** PROVIDED DATA follows **
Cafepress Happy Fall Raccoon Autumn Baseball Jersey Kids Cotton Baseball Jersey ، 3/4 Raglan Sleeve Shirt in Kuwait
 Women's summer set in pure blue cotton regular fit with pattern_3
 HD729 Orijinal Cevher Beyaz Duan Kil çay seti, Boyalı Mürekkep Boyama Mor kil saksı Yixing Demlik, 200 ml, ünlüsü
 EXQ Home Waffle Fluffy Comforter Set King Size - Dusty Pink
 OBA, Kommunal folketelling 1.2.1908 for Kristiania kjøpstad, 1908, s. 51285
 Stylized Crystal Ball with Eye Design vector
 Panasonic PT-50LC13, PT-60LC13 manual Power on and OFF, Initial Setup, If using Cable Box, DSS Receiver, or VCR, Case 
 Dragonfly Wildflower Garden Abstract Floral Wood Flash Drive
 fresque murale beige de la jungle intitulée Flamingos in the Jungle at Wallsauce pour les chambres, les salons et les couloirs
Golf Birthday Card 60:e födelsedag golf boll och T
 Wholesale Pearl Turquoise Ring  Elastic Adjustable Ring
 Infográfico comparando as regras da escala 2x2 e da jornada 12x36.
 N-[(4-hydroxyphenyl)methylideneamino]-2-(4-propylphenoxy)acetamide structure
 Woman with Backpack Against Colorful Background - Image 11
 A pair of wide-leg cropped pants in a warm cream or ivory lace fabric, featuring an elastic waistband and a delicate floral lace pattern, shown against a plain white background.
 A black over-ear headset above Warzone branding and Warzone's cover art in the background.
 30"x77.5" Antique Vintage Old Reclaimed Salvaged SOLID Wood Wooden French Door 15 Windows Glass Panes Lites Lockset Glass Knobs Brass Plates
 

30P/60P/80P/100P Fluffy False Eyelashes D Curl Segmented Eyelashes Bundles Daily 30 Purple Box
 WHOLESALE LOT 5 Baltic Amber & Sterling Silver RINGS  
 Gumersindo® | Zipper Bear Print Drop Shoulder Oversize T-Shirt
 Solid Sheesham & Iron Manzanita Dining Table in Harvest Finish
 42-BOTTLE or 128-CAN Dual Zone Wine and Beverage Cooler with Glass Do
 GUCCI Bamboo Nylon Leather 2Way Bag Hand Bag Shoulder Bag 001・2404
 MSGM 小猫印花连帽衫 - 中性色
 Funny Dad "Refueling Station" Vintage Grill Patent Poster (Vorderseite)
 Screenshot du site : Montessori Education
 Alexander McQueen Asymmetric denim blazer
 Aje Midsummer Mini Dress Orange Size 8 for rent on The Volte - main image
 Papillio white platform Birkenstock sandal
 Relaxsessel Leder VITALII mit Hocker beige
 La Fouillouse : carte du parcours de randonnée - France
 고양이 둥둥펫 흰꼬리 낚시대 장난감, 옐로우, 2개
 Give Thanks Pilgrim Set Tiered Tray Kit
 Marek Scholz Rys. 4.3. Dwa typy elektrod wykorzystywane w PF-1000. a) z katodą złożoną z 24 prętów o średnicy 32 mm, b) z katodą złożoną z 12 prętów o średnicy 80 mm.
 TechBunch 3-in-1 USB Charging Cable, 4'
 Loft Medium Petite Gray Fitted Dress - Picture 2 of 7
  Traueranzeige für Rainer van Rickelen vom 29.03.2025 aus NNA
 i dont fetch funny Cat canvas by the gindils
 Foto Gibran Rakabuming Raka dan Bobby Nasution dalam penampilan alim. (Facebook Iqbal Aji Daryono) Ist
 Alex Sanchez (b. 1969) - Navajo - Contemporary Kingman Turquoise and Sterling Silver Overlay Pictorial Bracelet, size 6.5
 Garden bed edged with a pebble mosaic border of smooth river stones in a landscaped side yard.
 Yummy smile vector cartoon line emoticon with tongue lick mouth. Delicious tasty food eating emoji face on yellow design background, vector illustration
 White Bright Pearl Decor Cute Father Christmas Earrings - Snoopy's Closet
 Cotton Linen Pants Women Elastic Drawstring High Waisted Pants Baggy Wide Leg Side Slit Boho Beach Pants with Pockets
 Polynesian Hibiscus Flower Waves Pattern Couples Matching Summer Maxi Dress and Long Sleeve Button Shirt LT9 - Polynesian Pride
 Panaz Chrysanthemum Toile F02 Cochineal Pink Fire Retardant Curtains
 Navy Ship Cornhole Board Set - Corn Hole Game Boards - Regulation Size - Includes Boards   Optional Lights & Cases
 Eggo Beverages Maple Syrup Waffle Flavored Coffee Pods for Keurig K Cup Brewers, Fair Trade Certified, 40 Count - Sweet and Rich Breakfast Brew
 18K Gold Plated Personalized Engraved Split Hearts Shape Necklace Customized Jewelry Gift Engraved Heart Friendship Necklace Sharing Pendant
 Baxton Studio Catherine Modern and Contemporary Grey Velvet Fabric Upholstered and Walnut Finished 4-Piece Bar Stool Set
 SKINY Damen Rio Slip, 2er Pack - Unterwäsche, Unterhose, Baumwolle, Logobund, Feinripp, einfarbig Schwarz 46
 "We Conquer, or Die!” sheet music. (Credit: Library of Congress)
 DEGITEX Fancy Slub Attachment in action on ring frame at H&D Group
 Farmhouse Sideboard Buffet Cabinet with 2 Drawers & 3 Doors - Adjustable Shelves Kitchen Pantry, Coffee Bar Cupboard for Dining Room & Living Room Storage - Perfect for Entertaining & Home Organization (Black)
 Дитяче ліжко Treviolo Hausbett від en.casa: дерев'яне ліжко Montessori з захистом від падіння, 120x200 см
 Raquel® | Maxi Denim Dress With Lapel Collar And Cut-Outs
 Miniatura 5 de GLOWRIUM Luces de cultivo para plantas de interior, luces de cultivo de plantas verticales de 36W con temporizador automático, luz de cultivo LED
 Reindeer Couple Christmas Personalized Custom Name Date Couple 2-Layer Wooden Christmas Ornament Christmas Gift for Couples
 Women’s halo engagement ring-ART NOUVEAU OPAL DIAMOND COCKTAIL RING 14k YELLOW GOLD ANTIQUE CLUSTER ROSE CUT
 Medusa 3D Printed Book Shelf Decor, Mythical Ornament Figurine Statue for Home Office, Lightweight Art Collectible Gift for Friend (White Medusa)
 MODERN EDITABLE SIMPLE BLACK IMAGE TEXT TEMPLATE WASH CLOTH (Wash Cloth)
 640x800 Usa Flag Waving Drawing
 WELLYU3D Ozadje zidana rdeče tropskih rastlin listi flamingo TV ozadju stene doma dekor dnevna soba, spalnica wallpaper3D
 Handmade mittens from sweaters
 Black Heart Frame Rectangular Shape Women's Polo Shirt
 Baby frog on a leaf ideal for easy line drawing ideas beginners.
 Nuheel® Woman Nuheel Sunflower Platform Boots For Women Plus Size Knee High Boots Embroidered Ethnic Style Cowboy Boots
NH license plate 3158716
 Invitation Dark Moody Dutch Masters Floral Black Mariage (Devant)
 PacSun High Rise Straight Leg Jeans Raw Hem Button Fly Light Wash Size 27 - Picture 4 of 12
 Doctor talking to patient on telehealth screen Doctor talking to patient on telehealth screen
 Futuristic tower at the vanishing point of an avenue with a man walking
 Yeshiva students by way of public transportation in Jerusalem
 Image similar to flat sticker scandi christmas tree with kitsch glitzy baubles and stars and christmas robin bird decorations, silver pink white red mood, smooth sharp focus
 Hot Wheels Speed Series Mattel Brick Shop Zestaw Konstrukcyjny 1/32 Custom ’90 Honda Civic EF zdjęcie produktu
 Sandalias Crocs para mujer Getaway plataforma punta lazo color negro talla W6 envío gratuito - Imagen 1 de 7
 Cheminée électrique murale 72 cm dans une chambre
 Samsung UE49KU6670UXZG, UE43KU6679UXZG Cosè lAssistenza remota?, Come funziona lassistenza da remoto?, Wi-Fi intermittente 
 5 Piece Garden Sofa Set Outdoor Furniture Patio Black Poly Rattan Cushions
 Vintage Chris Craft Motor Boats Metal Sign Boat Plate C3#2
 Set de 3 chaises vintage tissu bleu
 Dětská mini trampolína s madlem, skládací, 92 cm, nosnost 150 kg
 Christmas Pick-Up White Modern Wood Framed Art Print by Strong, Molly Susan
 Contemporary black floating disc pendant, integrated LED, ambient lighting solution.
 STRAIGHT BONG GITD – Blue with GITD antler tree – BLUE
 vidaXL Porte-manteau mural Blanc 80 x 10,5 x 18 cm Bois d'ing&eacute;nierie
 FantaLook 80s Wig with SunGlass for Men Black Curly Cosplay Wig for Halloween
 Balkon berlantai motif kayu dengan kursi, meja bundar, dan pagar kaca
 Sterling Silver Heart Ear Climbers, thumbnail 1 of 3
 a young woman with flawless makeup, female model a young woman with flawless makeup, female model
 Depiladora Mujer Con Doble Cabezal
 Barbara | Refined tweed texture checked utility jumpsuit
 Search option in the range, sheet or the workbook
** End of PROVIDED DATA **
● REQUIRED ACTION
Could you tally the lines of the listing above that contain the word "Pearl"? Give the number by itself.

● EXERCISE RESPONSE
2